After his assassination delegations would arrive from various countries that admired Archbishop Romero very much. Some asked if it was true that he had been manipulated, either by a group of priests, or by the left, or by some Jesuits. And I would answer, yes, it is true. He was manipulated - but manipulated only by God, who did with him as He pleased.

To follow Christ is, of course, to be one with him. But as we know, spirituality means having a spirit of prayer and the compassion of Jesus when he fed the hungry and when he said that there is no greater love than the love shown by the one who gives his life for his friends. And Monseñor Romero also had Jesus' spirit because he prayed deeply and shared the suffering of the hungry, abused and murdered multitudes. That is how he learned from the teachings of Jesus.

Another illustration of his prayerful spirit happened when I accompanied him to Rome, when he made his visit to Pope Paul the Sixth in March 1977. He went to explain the situation in the archdiocese on the occasion of the single Mass that was celebrated for the burial of Father Rutilio Grande. He had been Archbishop for just over a month. When we arrived in Rome it was 8.30 in the morning: we had been flying the whole night with no sleep at all. We went to the Priests' House, close to the Vatican. I went to my room, unpacked and I was looking at my bed, looking forward to some rest. Suddenly someone knocked at my door. I opened it and there was Monseñor Romero. He said to me: "Would you like to go for a walk?" "Yes, Monseñor", I said. We left the house and we went directly to St Peter's Basilica, went down through the central nave and the first thing he did was to kneel before the confessional altar of St Peter and the other Popes. I was kneeling too. After about seven minutes I stood up and saw him praying with such deep devotion, that I said to myself: "This is a man to follow, because he is following God". On Wednesday, March 30th, he was received by the Pope and Monseñor Romero explained to him how he was trying to put into practice the Gospel and the Second Vatican Council, the conference of Medellin and what Pope Paul VI himself had proposed in Populorum Progressio. He felt encouraged by the Pope's words: "Take courage, go ahead, you are the one in charge".


The archdiocese was living through a "paschal hour", Monseñor Romero wrote. In his pastoral work, Archbishop Romero was trying to bring into being what the Pope and the Latin American bishops had urged at their meeting in Medellin in Colombia. "That the Church in Latin America should be manifest, in an increasingly clear manner, as truly poor, missionary and paschal; separate from all temporal power and courageously committed to the liberation of each and every person."

I deeply believe he was faithful and free. Being faithful and free is not an easy thing. But he was faithful to God and faithful to the people. That is the double fidelity of the people of the Church. He loved God with such intensity and saw things and events with the eyes of God. Not always do we see with the eyes of God.
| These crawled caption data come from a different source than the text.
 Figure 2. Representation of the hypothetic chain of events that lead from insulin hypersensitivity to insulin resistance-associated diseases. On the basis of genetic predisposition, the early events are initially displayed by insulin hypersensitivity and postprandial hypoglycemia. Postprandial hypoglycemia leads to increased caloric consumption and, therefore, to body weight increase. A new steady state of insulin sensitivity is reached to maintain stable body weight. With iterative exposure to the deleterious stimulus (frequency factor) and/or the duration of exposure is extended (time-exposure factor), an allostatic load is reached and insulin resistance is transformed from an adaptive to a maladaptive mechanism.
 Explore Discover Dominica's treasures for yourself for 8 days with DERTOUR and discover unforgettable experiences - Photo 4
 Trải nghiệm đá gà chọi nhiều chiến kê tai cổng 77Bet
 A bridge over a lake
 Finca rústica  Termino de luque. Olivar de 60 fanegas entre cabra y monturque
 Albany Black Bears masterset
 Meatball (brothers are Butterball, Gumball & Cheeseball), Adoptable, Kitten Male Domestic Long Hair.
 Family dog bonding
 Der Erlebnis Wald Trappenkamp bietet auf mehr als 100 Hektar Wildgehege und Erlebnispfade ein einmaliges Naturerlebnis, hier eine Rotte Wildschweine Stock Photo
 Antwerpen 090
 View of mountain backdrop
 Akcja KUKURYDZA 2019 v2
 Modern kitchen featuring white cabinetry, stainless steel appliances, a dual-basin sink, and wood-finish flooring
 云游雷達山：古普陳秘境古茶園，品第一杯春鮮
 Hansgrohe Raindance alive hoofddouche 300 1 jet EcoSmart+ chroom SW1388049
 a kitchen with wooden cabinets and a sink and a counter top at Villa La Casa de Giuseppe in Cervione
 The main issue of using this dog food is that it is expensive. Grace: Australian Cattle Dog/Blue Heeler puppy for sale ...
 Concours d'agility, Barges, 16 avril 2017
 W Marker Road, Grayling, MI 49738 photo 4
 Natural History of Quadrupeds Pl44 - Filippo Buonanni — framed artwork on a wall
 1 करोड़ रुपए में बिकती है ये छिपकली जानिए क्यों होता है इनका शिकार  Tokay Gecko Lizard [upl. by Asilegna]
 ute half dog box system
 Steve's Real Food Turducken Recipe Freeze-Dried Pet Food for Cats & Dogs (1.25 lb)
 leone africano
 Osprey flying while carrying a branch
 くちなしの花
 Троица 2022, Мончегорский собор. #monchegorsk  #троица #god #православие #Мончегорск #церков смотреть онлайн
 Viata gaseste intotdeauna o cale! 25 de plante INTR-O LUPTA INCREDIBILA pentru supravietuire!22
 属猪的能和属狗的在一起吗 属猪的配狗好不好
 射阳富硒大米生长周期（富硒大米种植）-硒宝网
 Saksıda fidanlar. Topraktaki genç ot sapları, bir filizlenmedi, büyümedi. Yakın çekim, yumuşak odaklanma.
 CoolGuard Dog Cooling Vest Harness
I believe he died for being faithful to the Gospel and to the teachings of the Church in social matters. He is a martyr to these social teachings. If the Church in its documents didn't speak the way it does, he would never have felt all the support that he found in them.

And he was faithful to the human person that the Gospel and the church have placed as the high point of God's creation, in His image and likeness. And he clearly saw that in his country of El Salvador, people did not look like God and people were not treated as if they were His image. That oppressed his soul and he couldn't bear it inside, unlike others who know how to store in silence even the greatest infamies. The more we keep quiet the more "prudent" we are. We have made prudence the queen of the cardinal virtues, and justice and fortitude are subordinated to it. And that is why Monseñor also felt free, because Jesus told us: "If you live according to my teaching, you are truly my disciples: then you will know the truth, and the truth will set you free". And he was able to discover the truth about the people in his country.

In addition to the Fathers of the Church's first seven centuries, who decisively defended the poor in their writings, Monseñor Romero was familiar with the systematisation of the Church's social doctrine, including social encyclicals such as Rerum Novarum of Pope Leo XIII and Quadragesimo Anno of Pope Pius XI. Later, the Second Vatican Council and the documents of the Pope and the Latin American bishops from Medellin and Puebla gave necessary support to his pastoral work.

One day I was visiting him in his rooms. He had a book in his hands. "Read this" he said to me, and I read:
"Do you want to honour the body of Christ? Don't ignore Him then, when you find him naked in the poor. Do not honour him in the temple with clothes of silk if, on your way out, you abandon him in his cold nakedness. Because the same one who said: "This is my body", and with his words made real what he said, also stated: "Every time you did not do this to one of these little ones, you did not do it to me." (…) Is it good to decorate Christ's table with vessels of gold if the same Christ is dying of hunger? First, feed the hungry and then, with what is left over, you may decorate Christ's table.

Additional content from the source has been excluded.